A classical Christian school in North Carolina is being questioned over its use of a booklet that attempts to provide a biblical justification for southern slavery.  At issue is a booklet being used at Cary Christian School titled "Southern Slavery As It Was."  In it, authors Doug Wilson and Steve Wilkins argue slavery was not a systemic evil, but rather a benign institution. Idaho Presbyterian pastor Jack Davidson, who has written a critique of the booklet, says it purports to be a biblical and historical treatment of slavery, but falls well short of that. Wilson and Wilkins, according to Davidson, week to use anecdotal accounts of relationships between slaves and masters to discredit the traditional view of slavery in America.  Davidson says the controversial material is a double indignity to black Americans.  "What we're doing when we accept into our curriculum booklets like Wilson and Wilkins -- even though it sounds as if we're trying to speak in a conciliatory way -- is it basically robs the black American of his history.  That's what it does," the pastor says.  "It basically tells him and her there was really no problem; there was really no issue."  Cary Christian School would not return phone calls seeking comment.

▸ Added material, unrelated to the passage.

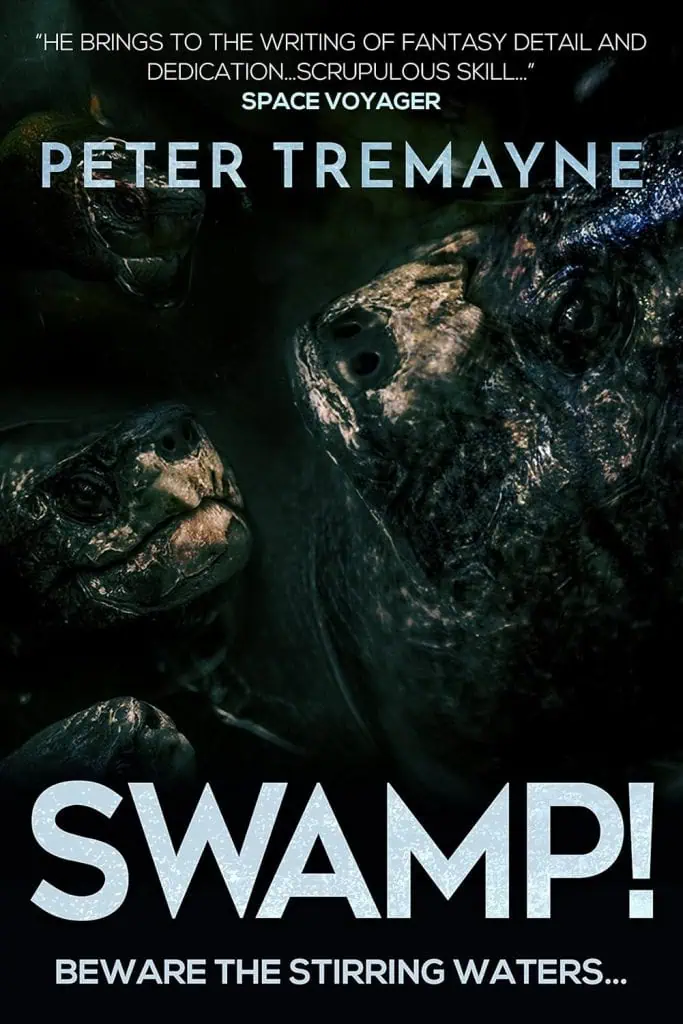 Swamp!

Compassion Provides Tsunami Disaster Relief
Jeremy Reynalds, Assist News Service

Compassion International, the well known Colorado Springs based child development organization, has set up a Tsunami Disaster Relief Fund in the wake of the recent disaster. Compassion will use the funds raised to care for orphaned children as well as delivering food, clean water, medical care and counseling to families in crisis. Compassion is providing the relief aid to in a three-phased relief plan over the next three months. Compassion is leading its relief initiative on the ground in Aceh, Indonesia; one of the areas devastated by the tsunami. Compassion officials said that while Compassion doesn't usually do a lot of emergency relief, the gravity of this situation demanded a different response. According to Compassion, its relief activities in the initial emergency stage will include meals, medical treatment, emergency shelter construction, identification of unaccompanied children and distribution of basic household and hygiene kits. Its second stage response will include distribution of dry rations, cooking kits, continued medical care and counseling and ongoing efforts to reunite children with their parents. Compassion will round out the initiative with what it called a "long-term assessment for stabilization."

Conservative Minister Quits Episcopal Church To Become Bishop

A conservative minister from Pennsylvania has quit the Episcopal Church to become a bishop in the Anglican Church in America.  David Moyer will oversee the traditionalist denomination's military chaplaincy.  Moyer says he could not submit to the heretical teaching of Episcopal Bishop Charles Bennison, who once said since the Church wrote the Bible, the Church can rewrite the Bible.  Bennisson, says Moyer, "denies the physical, bodily resurrection of Jesus -- which I guess would mean that the tomb was not empty on Easter day."  And there is more, Moyer says.  "He also is the leading advocate in the Episcopal Church for same-sex marriages," he says, adding that Bennison "brags about the fact that in the diocese of Pennsylvania there are 22 priests serving the diocese [who have] live-in, same-sex lovers in their rectories."  Bennison defrocked Moyer in September 2002, a move that Moyer is fighting in court.  Moyer's parish, the Church of the Good Shepherd in Rosemont, does not accept his defrocking and has voted to keep him as rector.